En el tablero político de Estados Unidos, los viejos protagonistas nunca desaparecen del todo: observan, esperan y regresan cuando el ruido alcanza un punto de riesgo. Barack Obama reapareció en los mítines de Nueva Jersey y Virginia para respaldar a candidatos de su partido y, al mismo tiempo, enviar un mensaje que trasciende campañas: las democracias sobreviven solo si sus ciudadanos acuden a defenderlas.

Su tono fue contenido pero firme. No habló de ideologías, sino de reglas. Alertó sobre una deriva peligrosa: el agotamiento cívico. Mientras tanto, Donald Trump volvió a sugerir que “le gustaría un tercer mandato”, una frase en apariencia ligera pero que desafía abiertamente la vigencia de la Enmienda 22 de la Constitución estadounidense, que prohíbe más de dos periodos presidenciales. No es un lapsus: es una forma de medir los límites institucionales y la tolerancia social al exceso.

El regreso de Obama no es nostalgia, sino reflejo de una urgencia: recordar que los liderazgos pasan, pero las normas deben permanecer. Frente a la teatralidad política de Trump, su intervención busca reactivar el músculo de la responsabilidad colectiva. En un clima dominado por la desinformación, el cansancio y la polarización, cada elección estatal se convierte en ensayo general de la democracia.

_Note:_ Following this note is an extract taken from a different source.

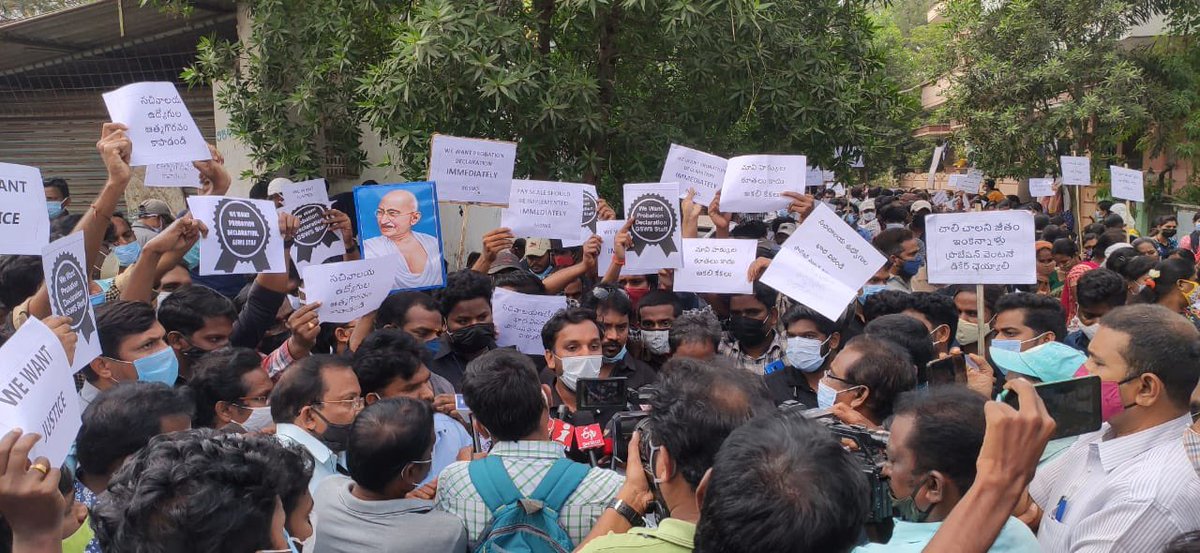 nenanthe's tweet photo. #GSWS Employees protesting for their probation declaration
#WewantProbationDeclaration
#YSRCP https://t.co/uAborCjIFo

El fenómeno estadounidense trasciende fronteras. Es una advertencia para toda sociedad que confía demasiado en su estabilidad. Ningún sistema es inmune cuando las reglas se convierten en materia opinable. Lo que hoy se discute en Washington o Nueva Jersey no se limita a quién gana un cargo, sino a qué tan profundo puede llegar el desgaste de la confianza pública.

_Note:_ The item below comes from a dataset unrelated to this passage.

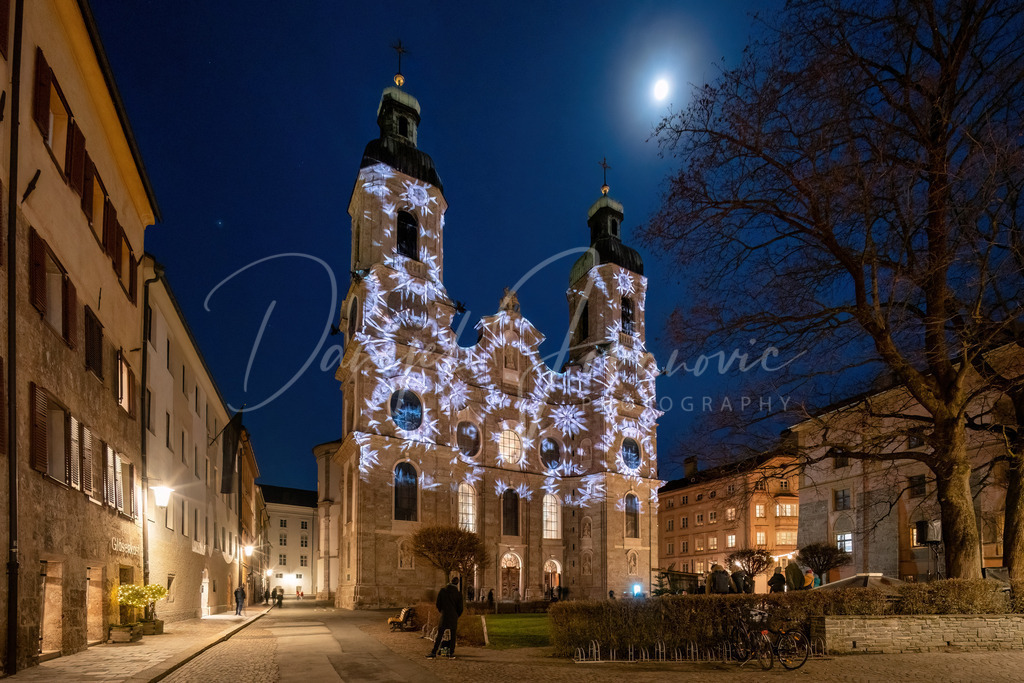 Bergsilvester | Fassadenmapping Dom Sankt Jakob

Obama y Trump representan dos formas de entender el poder: una que lo ve como servicio acotado por ley, y otra que lo concibe como proyecto personal sin fecha de vencimiento. Esa tensión, más que ideológica, es estructural. Y define el dilema contemporáneo: ¿defender las instituciones que limitan al poder o admirar a quienes prometen superarlas?

Estados Unidos vive una de sus pruebas más complejas. Las próximas elecciones no solo medirán fuerzas partidistas, sino el pulso de la democracia misma. En esa batalla simbólica, el retorno de aquel orador que conquistó a Estados Unidos en 2008, no pretende escribir un nuevo capítulo, sino impedir que el libro de la democracia norteamericana se cierre antes de tiempo.